One important new feature of the website is that the time period has expanded to include pre-Khmer Rouge images. This, combined with the fact that photographs are now divided into time period, reveals a narrative of social and technological as viewers click through the images.
A 1973 photograph shows village children posing in the black uniforms of the Khmer Rouge, which the photographer’s owner told Fox were a coveted item of clothing for villagers long before they became obligatory. In 1982, it’s indoor sunglasses that mark sophistication, while in 1987 a whole family takes turns posing beside their new motorbike for portraits.
As the photos become more recent, the influence of the West becomes increasingly apparent: a 1992 photograph shows a young couple who opted to pose for wedding photos in front of a shiny UNHCR pickup truck, and one image from 1998 depicts the baptism of recent converts to Christianity in the Mekong.
Fox said that there was a certain element of the exotic in his appreciation of the photos.
“If you imagine it set in the UK, a series of photos of quite mundane things wouldn’t be that interesting.
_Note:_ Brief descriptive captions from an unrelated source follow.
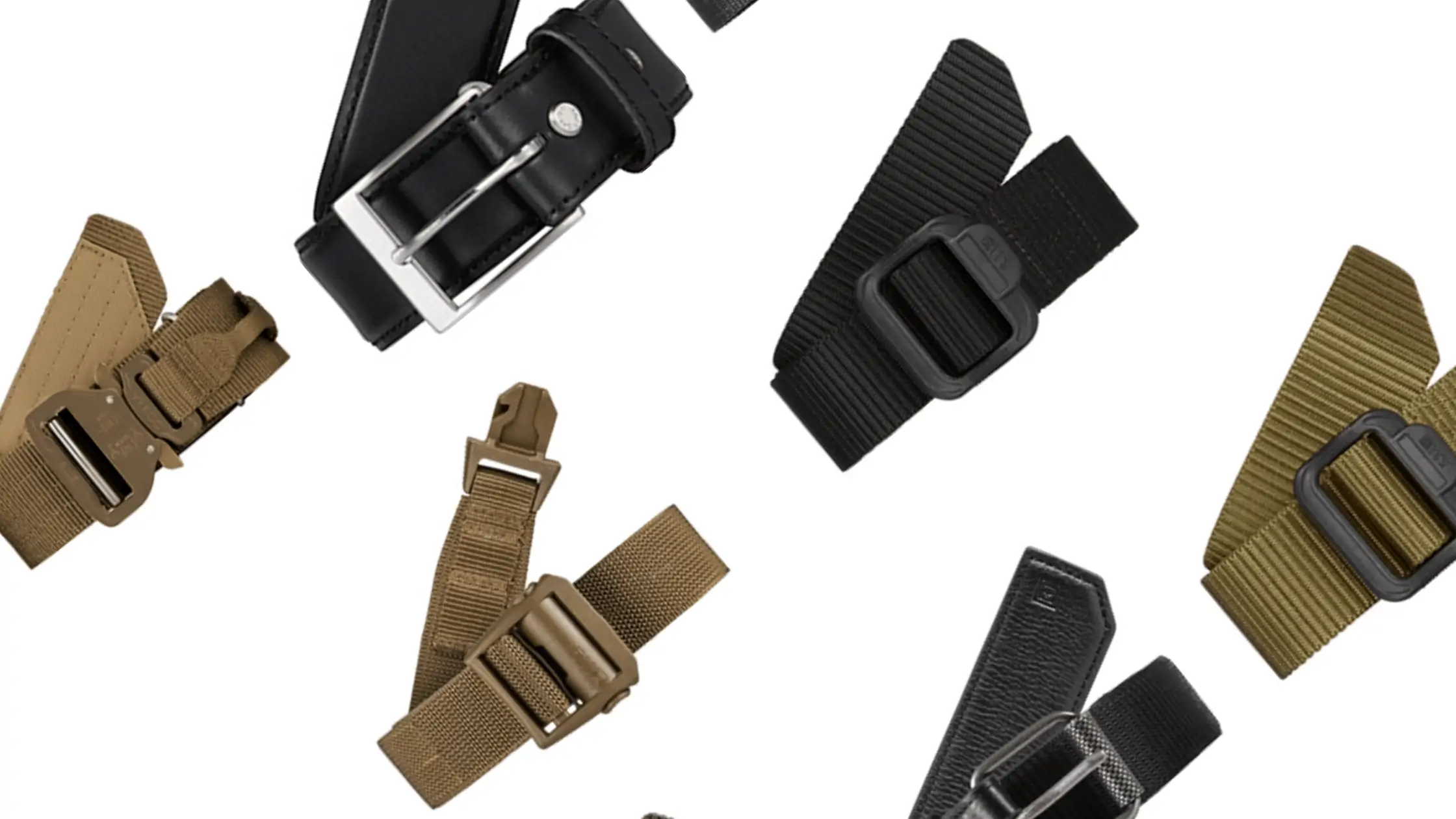 5.11 TACTICAL Malaysia, PTT Outdoor, Tactical Belts,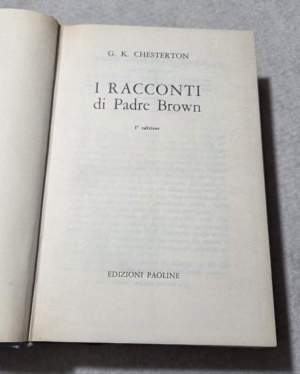 I racconti di Padre Brown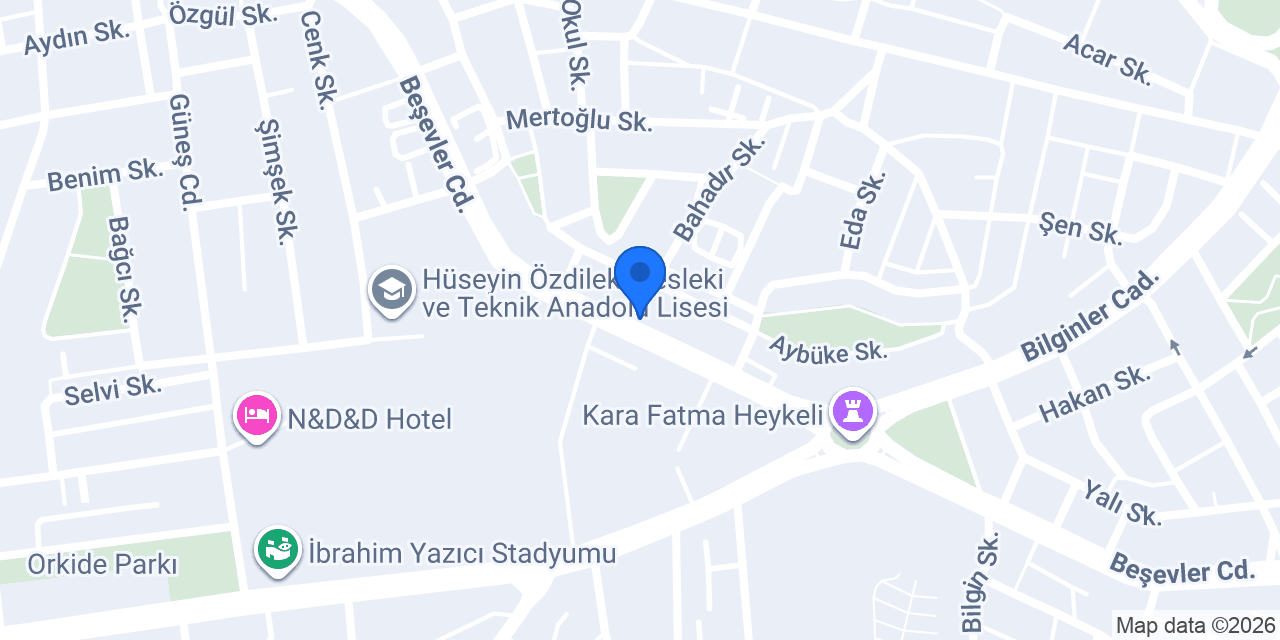 DESA BİLGİSAYAR konumu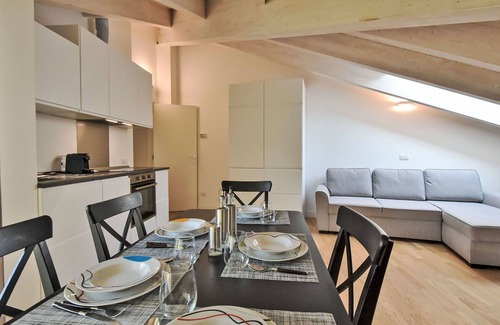 Quartiere Mazzini Apartment | Beautiful apartment for 5 guests with WIFI, A/C, TV and terrace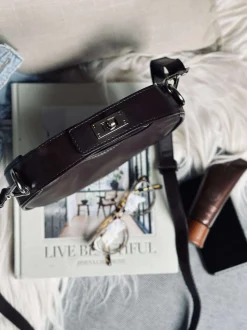 VIAMAJA Clutch<Håndtaske Espresso
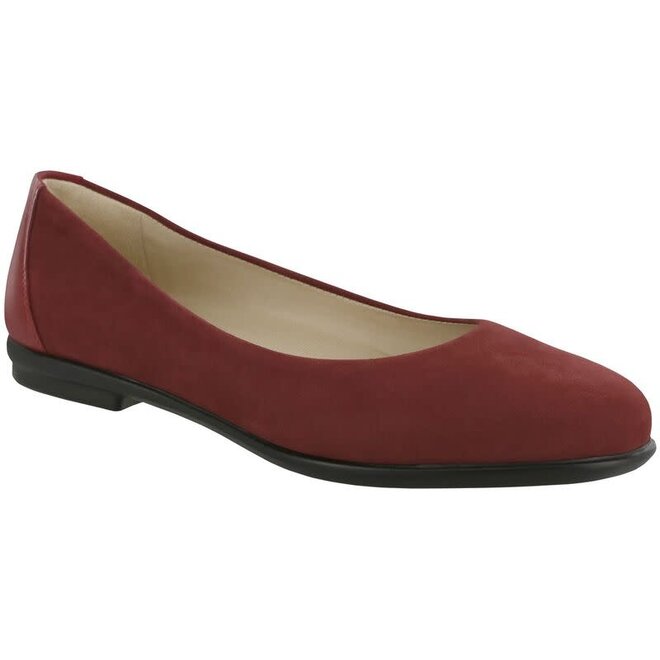 SAS Scenic Scarlett Red 3240-606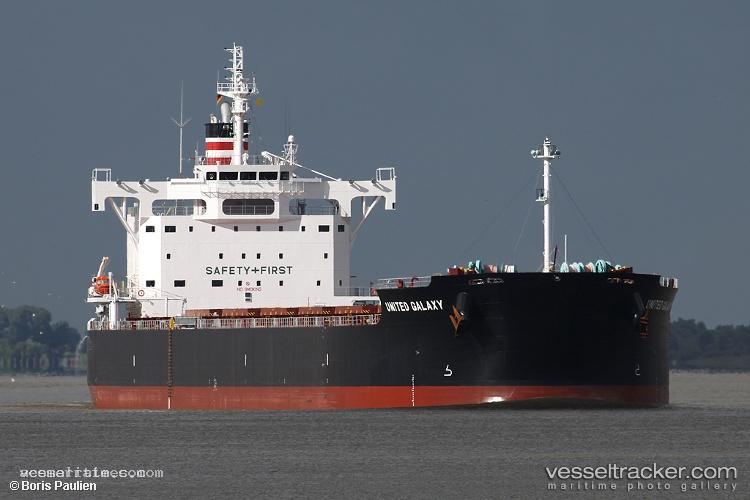 Msxt-Bellona - Bulk Carrier vessel registered in Marshall Islands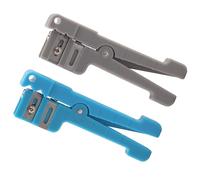 Yinhing Fiber Optic Jacket Stripper Tool 45 163 Design for Nick Stripping Lightweight Ergonomic for Various Fiber Optic Cables (45-162+-163)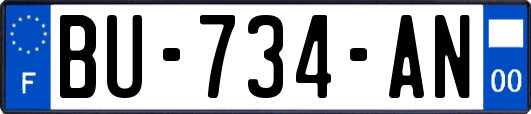 BU-734-AN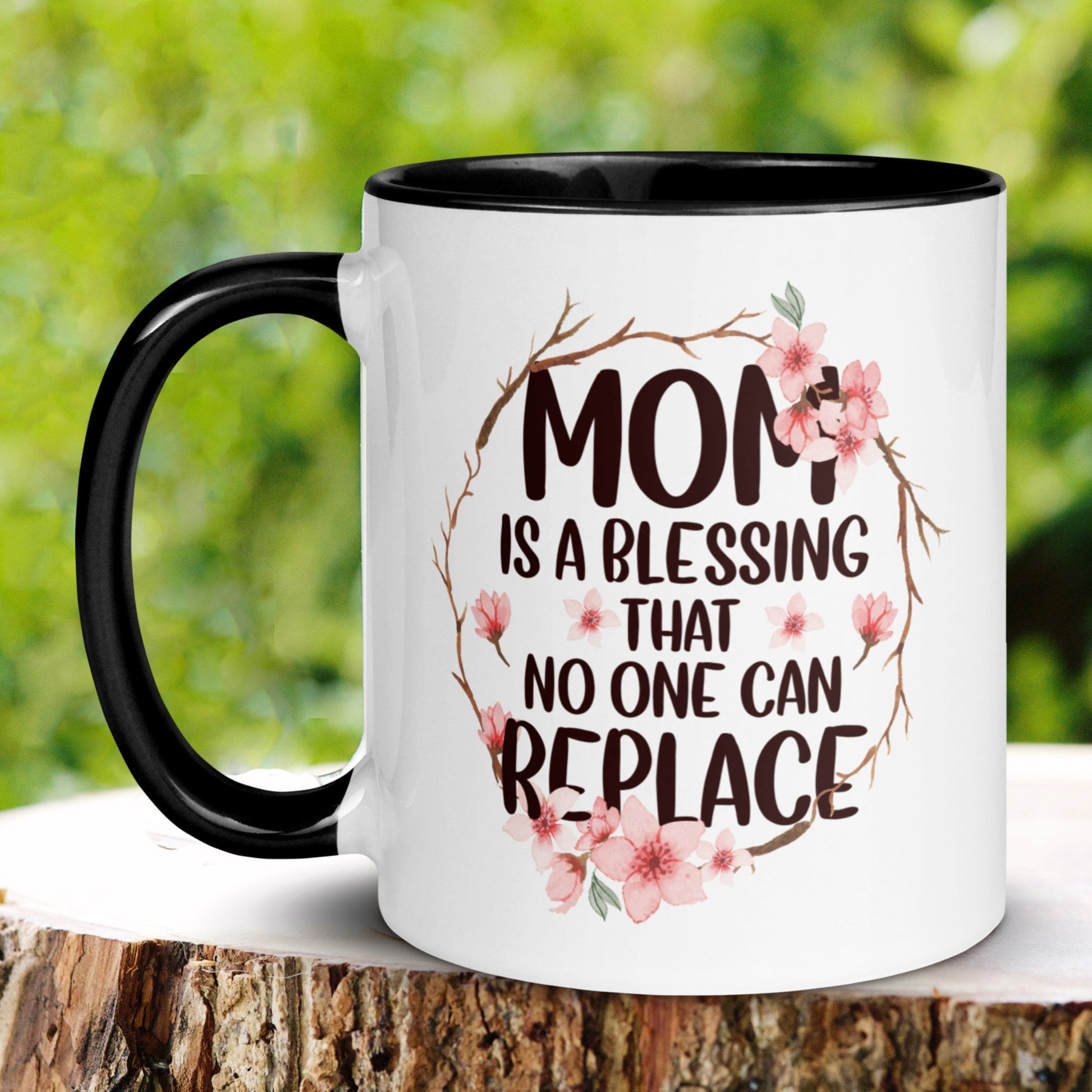 Mom Gift, Mothers Day Gifts, Christian Gifts, Happy Mothers Day - Zehnaria - FAMILY & FRIENDS - Mugs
I suppose it would be [because of] our cultural proximity to them,” he said.
But he said that the post-Khmer Rouge context made the images particularly engaging. “The simple things like buying a motorbike, or having a family portrait taken, they become really interesting processes of how society rebuilds itself, and how it documents that through photography,” he said, “so the mundane actually becomes fascinating.”
One running theme that becomes apparent when browsing the website is Fox’s fascination with the quirks of image manipulation. “I love the way the pictures are embellished or super imposed,” he said. In some cases, the result of DIY Photoshop is humorous: one 1974 portrait shows a couple who appear to be standing atop a giant tortoise. In other cases the effect is poignant, such as the woman who paid to get a black-and- white portrait of her parents from 1954 recoloured, bringing the father who died fighting the Khmer Rouge back to life in vibrant hues.
Fox said his appreciation of the archive format dates back to the beginning of his career, when he worked as a researcher in a photography archive “with white gloves and everything”.
These days he relishes the project as something utterly different from his day job working behind the lens. “There’s something about an individual allowing you to see important parts of their personal history and sifting through their images . . . It’s a really personal experience,” he said.
“As a photographer, I wasn’t here to document these things, but people were documenting it for themselves through these photos. I just love it.”